US tightens visa waiver for Hungarians
August 3rd, 2023Opinions sharply diverge on the decision by the United States to limit the validity of visa-free entry permits for Hungarian citizens to one journey per year.
On Tuesday, the US Embassy announced that the validity period offered to Hungarians under the Electronic System for Travel Authorization (ESTA) will be reduced from two years to one and that only single visits will be allowed instead of multiple ones. Hungary granted citizenship to about one million people between 2011 and 2020, but the US Embassy argued that the Hungarian authorities did so ‘without adequate security measures in place to verify their identities’. In a statement to the MTI news agency, the Hungarian Interior Ministry attributed the travel restrictions to Hungary’s refusal to hand over to the United States the data of citizens of neighbouring countries who have been granted Hungarian citizenship. ‘The safety of Hungarians in neighbouring countries is at stake, the Ministry argued, therefore that data will not be forwarded to anyone’.
In Magyar Nemzet, Zsolt Bayer suspects that the United States would have transferred the data of ethnic Hungarians in Ukraine with Hungarian citizenship to the Ukrainian authorities who could have clamped down on them, given that Ukraine doesn’t allow dual citizenship.

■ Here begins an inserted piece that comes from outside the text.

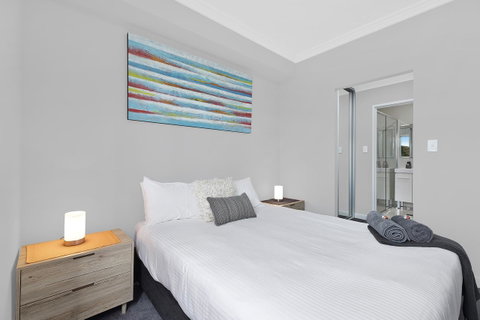 Lakeside Waterfront Apartment The Entrance - New South Wales Tourism  8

He fulminates at the US administration which apparently considers such ethnic Hungarians a security threat, ‘unlike the masses of illegal immigrants from Central America’.
In Népszava, on the other hand, Gábor Horváth takes the visa waiver restriction as a symbolic gesture by the United States to caution Hungary against continuing to ‘sabotage’ US efforts on the international scene, including most recently, postponing the approval of Sweden’s accession to NATO. If nothing changes, he writes, Hungary ‘may very swiftly find herself in very big trouble’.
In a separate Népszava column, András Rostoványi finds some inconsistency in the American position, remarking that Hungarian citizens born abroad were already barred from the visa waiver program last year. Otherwise, quoting former Foreign Minister Géza Jeszenszky, he writes that the new restrictions are aimed at the Hungarian government, rather than at ordinary Hungarians.